As consequências econômicas são concretas. O embargo, mantido há mais de 60 anos, limita o acesso de Cuba a linhas de crédito internacionais, restringe transações com bancos que operam em dólar e encarece importações de alimentos e combustíveis. A cada nova medida de Washington, empresas estrangeiras avaliam riscos de sanções secundárias, o que reduz ainda mais o fluxo de investimentos na ilha. Para um país de pouco mais de 11 milhões de habitantes e economia altamente dependente de importações, qualquer ajuste nas regras americanas tem efeito imediato nas prateleiras e no bolso da população.
No plano político regional, a fala de Díaz-Canel tende a polarizar posições. Governos alinhados a Washington reforçam críticas ao regime cubano e pressionam por condenações formais em fóruns como a Organização dos Estados Americanos. Já aliados e simpatizantes da esquerda latino-americana veem na declaração uma defesa da soberania nacional frente à interferência externa e podem usar o episódio para reativar discursos de solidariedade anti-imperialista.
O Brasil acompanha o movimento com atenção, sobretudo após oscilações na própria política externa em relação a Havana nos últimos anos. A postura de Cuba diante dos EUA influencia debates internos sobre programas de cooperação, como o envio de médicos, e sobre a posição brasileira em votações na ONU a respeito do embargo econômico, tradicionalmente condenado por larga maioria dos países-membros.
Próximos passos e incertezas no tabuleiro diplomático
A entrevista de Díaz-Canel abre uma nova fase do embate retórico com Washington e coloca pressão sobre os próximos movimentos da Casa Branca. Trump é conhecido por reagir em redes sociais e por transformar declarações públicas em base para anúncios de sanções ou medidas militares. Um novo pacote de restrições pode ser apresentado ainda neste semestre, segundo diplomatas que acompanham a relação bilateral.
Em Havana, a expectativa é de que o governo use o discurso de resistência para organizar atos, reforçar campanhas internas e convocar mobilizações em datas simbólicas, como o 1º de Maio e o aniversário da Revolução, em 1º de janeiro. A mensagem de que “morrer pela pátria é viver” tende a aparecer em murais, discursos oficiais e meios de comunicação estatais, num esforço para consolidar apoio em meio às dificuldades econômicas.
A comunidade internacional observa com cautela.

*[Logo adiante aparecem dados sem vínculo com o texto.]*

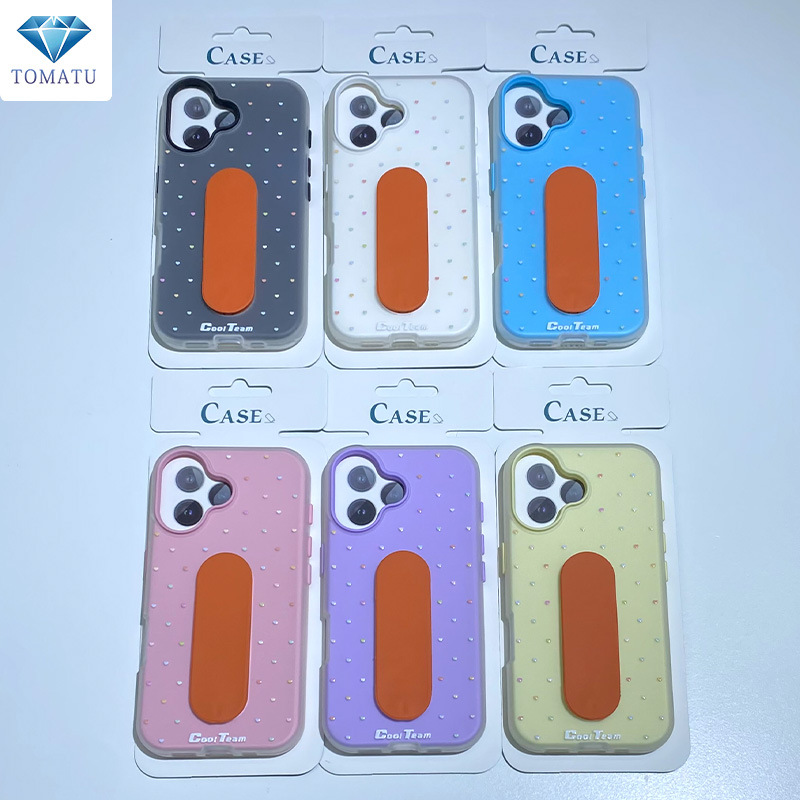 网红博主同款iPhone16手机壳创口贴支架防摔手机套防滑保护壳现货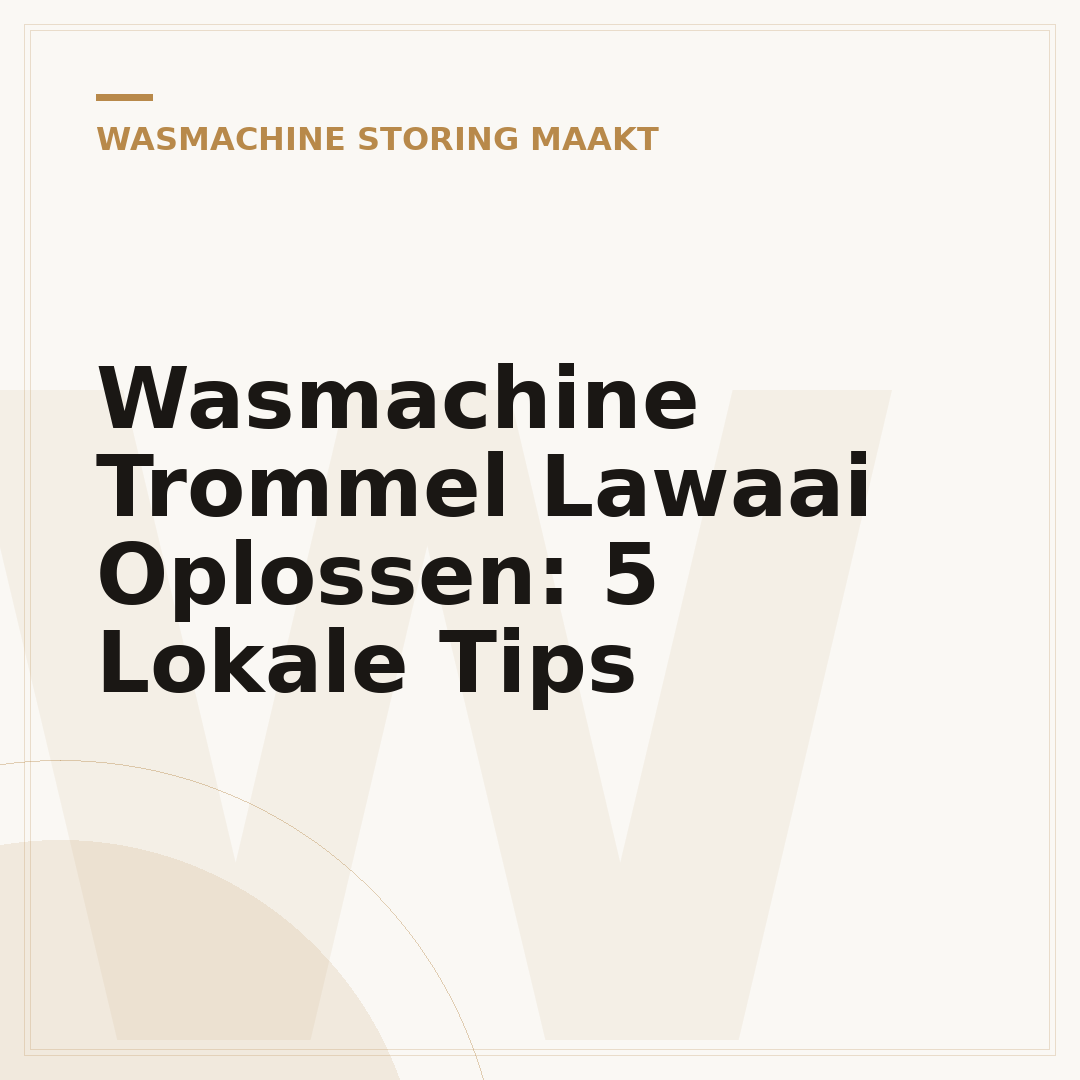 Wasmachine Trommel Lawaai Oplossen: 5 Lokale Tips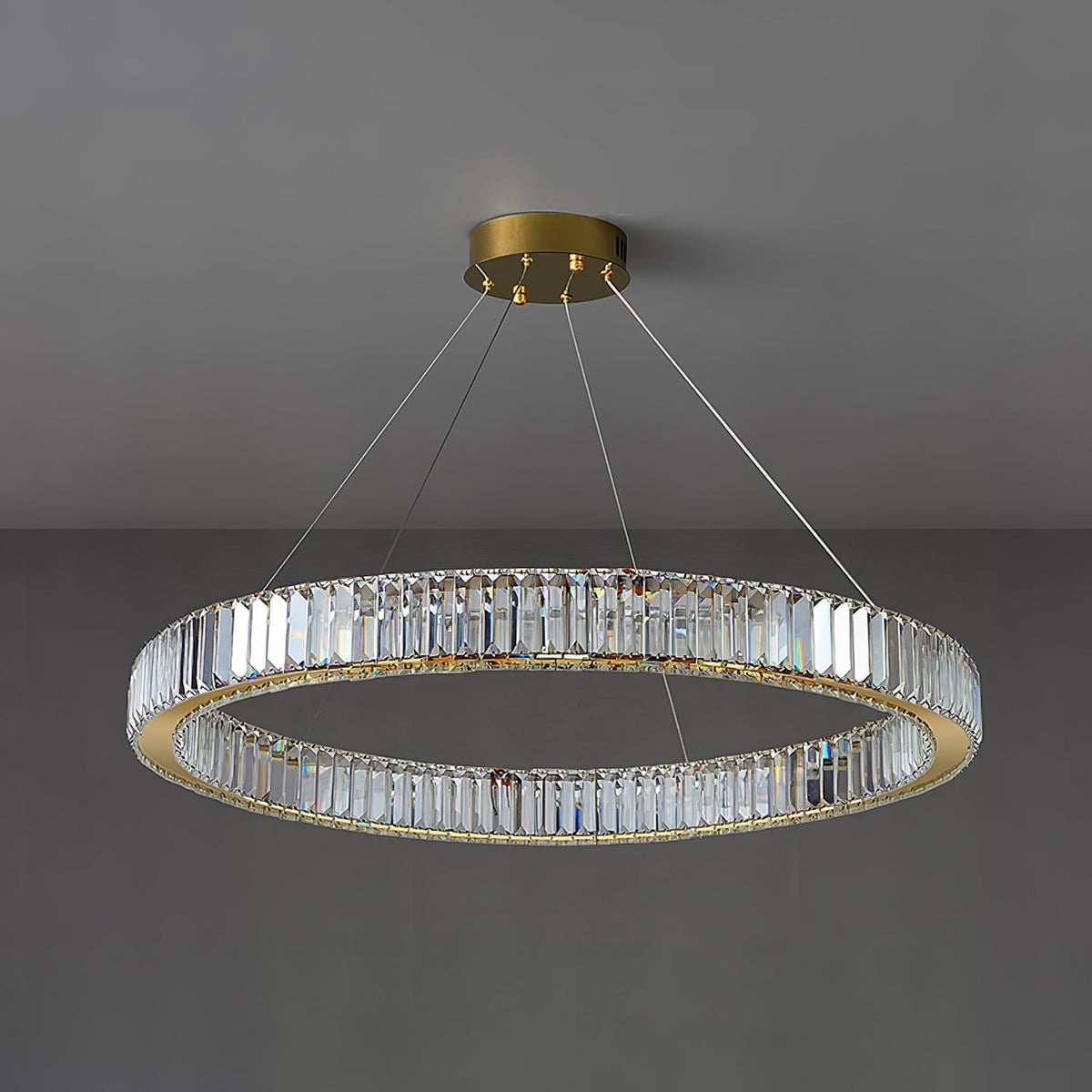 Cyrirelle Chandelier Gold Crystal Ring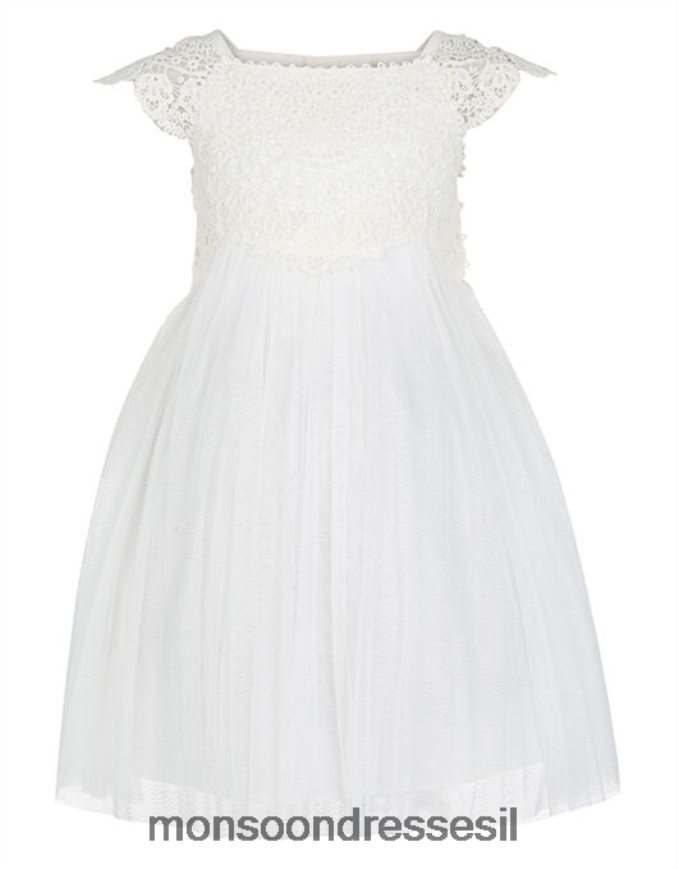 הַלבָּשָׁה Monsoon שמלת אירוע מחוך סרוגה של תינוק אסטלה שֶׁנהָב ילדה HTJ0TZ2183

Países europeus, que mantêm negócios com a ilha, tentam preservar canais de diálogo com Havana sem romper totalmente com Washington. Organismos multilaterais monitoram os impactos sociais das sanções e o risco de nova onda migratória, caso a crise econômica se aprofunde. Enquanto isso, permanece em aberto a pergunta que ronda a política cubana há décadas: até que ponto a retórica de resistência será suficiente para sustentar o regime diante da combinação de pressões externas e frustrações internas?